*Activity*:
Reproduce all of the entries below exactly, without images.

*Listed records*:
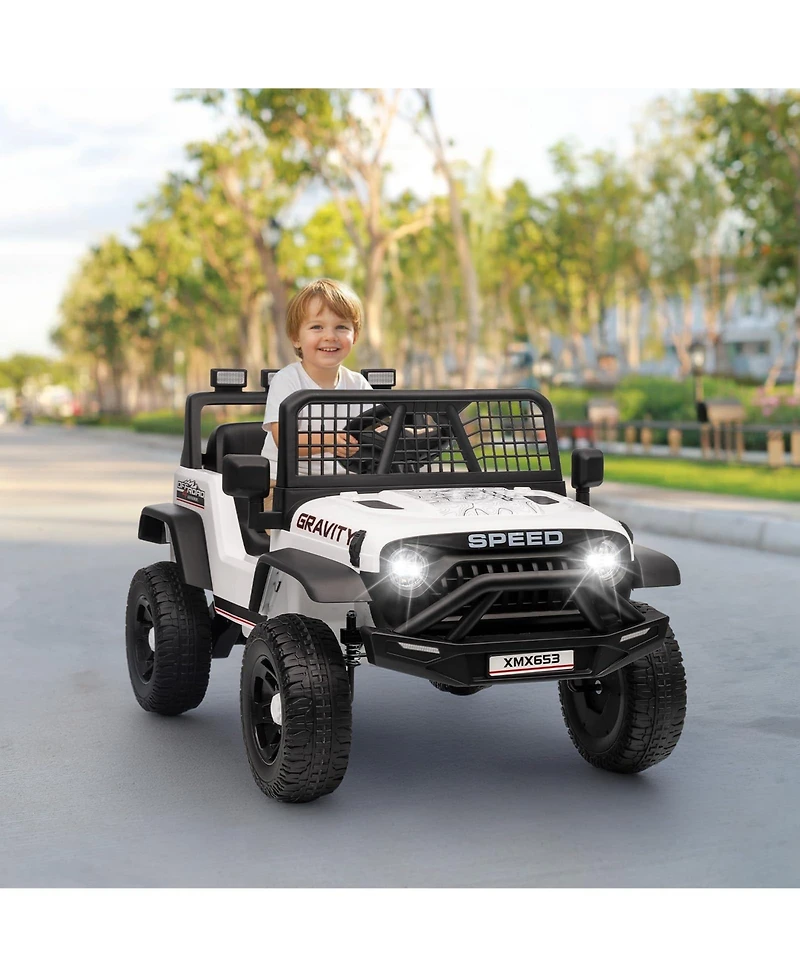 12V Ride On Electric Car for Kids with Remote Control 3 Speed Modes Music Led Lights Safety Belt Battery Powered Vehicle for Ages 3-6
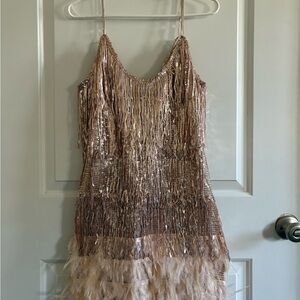 Sequin Feather Camisole Dress in Champagne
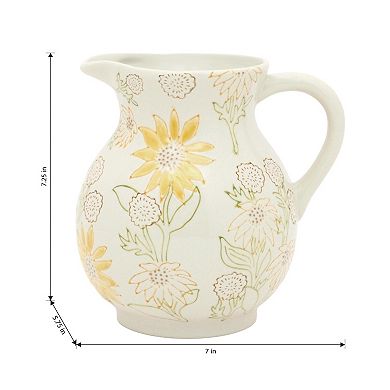Everyday Decor Sunflower Stamped Ceramic Pitcher Table Decor
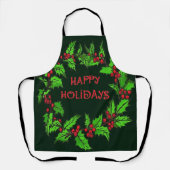 Happy Holidays Christmas Holly Wreath エプロン (正面)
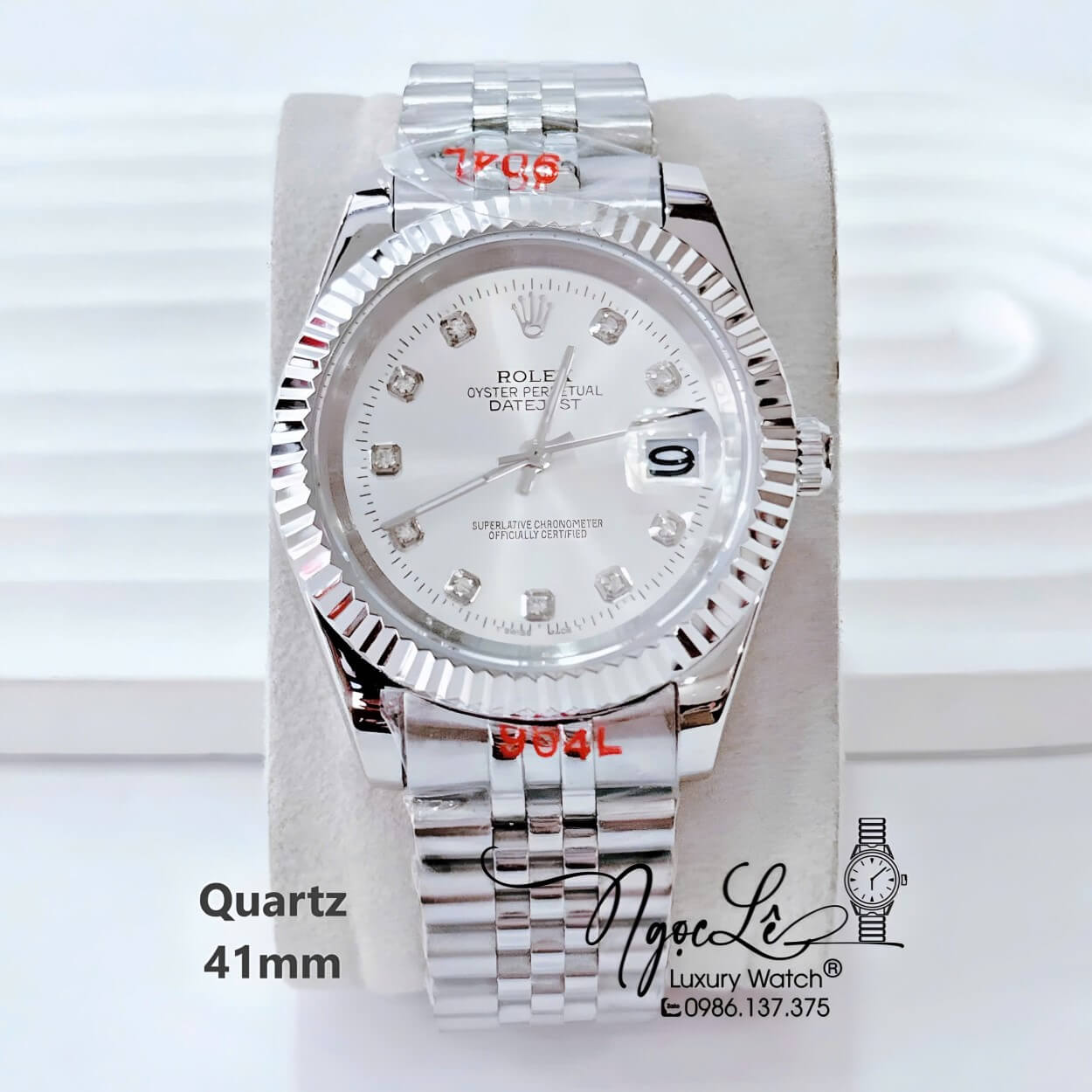 Đồng Hồ Nam Rolex Datejust Dây Kim Loại Bạc Mặt Trắng Size 41mm Máy Pin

*Solved problem*:
 12V Ride On Electric Car for Kids with Remote Control 3 Speed Modes Music Led Lights Safety Belt Battery Powered Vehicle for Ages 3-6
 Sequin Feather Camisole Dress in Champagne
Everyday Decor Sunflower Stamped Ceramic Pitcher Table Decor
 Happy Holidays Christmas Holly Wreath エプロン (正面)
 Đồng Hồ Nam Rolex Datejust Dây Kim Loại Bạc Mặt Trắng Size 41mm Máy Pin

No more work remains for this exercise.